Family upset at delay in raising boat

THE family of a fisherman who drowned off the south-east coast have severely criticised the Government for the 21-month delay in raising the doomed boat which sank last year.

Family upset at delay in raising boat

As the Maggie B was lifted to the surface yesterday morning, about a kilometre from Dunmore East harbour, a sister of skipper Glen Cott, 30, who died along with Jan Sankowski, 35, when the trawler sank in April of 2006, condemned the Government for its treatment of the families.

“I believed that the boat should have been raised at the time it happened,” said Sharon Cott. “They kept telling us there was no need to raise the boat and we kept telling them that there was.”

It wasn’t until a year later that the Government indicated that the Maggie B — and the Pere Charles which sank last January — would be raised from the seabed.

The tender for the complex operation was awarded to Irish Diving Contractors Ltd in August and preliminary work started at the beginning of October.

A crane barge brought from the Netherlands to carry out the actual raising job began its work on Sunday afternoon and, just after 8am yesterday, the Maggie B finally broke water.

“It’s very emotional,” said Ms Cott. “It’s traumatic and long overdue.”

She said that the authorities had put her through a lot and that the treatment of the families was “unfair” from the beginning. “That’s a lot of suffering and a lot of pain and a lot of hurt.”

A crew of about 30 people are involved in the salvage operation, which continued throughout yesterday with work to stabilise the Maggie B, pump out water, and refloat it alongside the crane barge.

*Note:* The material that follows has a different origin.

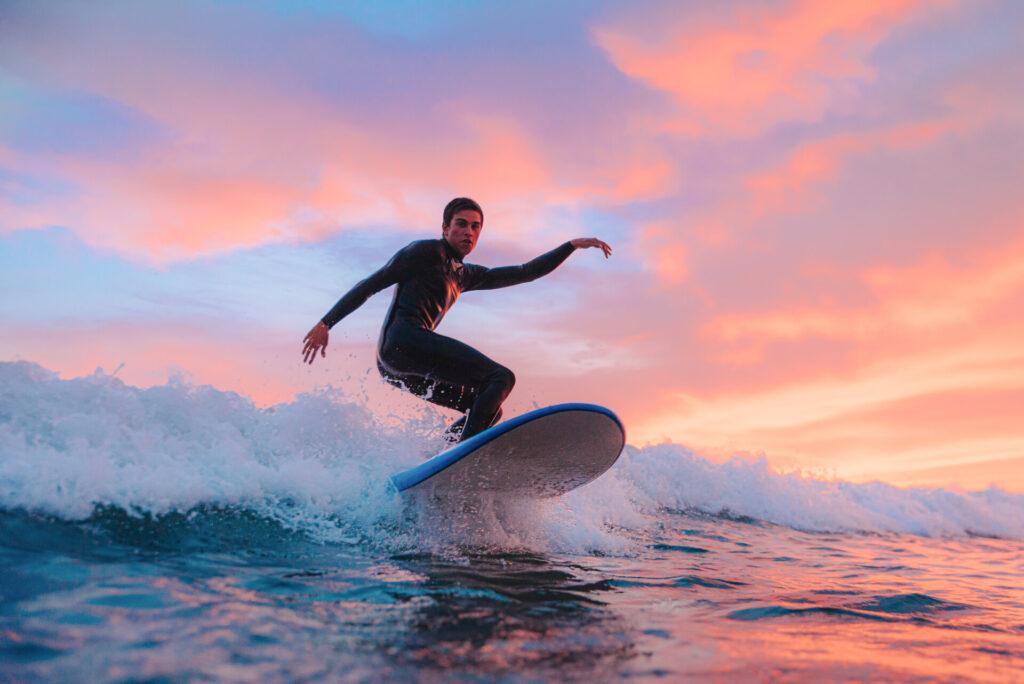 Junger Surfer, surft bei Sonnenuntergang an einem portugiesischen Strand.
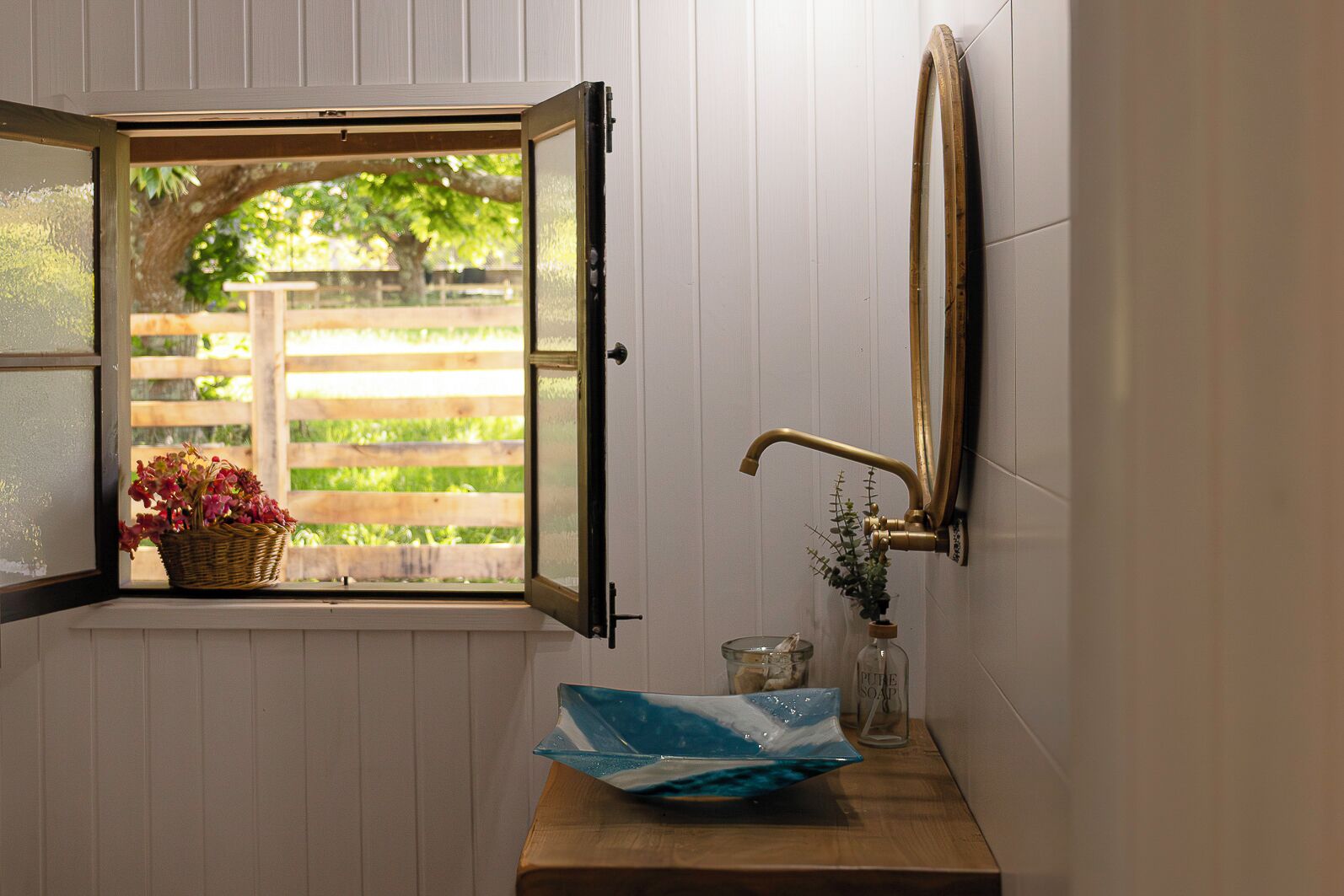 A bathroom with a window, a sink, a mirror, and a basket of flowers.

Ger Hegarty of the Irish Coast Guard said that a “cursory” examination did not indicate the presence of any bodies, but the trawler will be brought to Arklow by tug and raised alongside the harbour wall for full internal examination in the coming days.

Work will continue on the Pere Charles today, but the lifting process is expected to take about two days as it is a larger vessel and in more treacherous waters off the Hook Head coastline.

“I think, finally, we’re getting somewhere at last,” said Louise Doyle — fiancée of Pere Charles skipper Tom Hennessy — last night.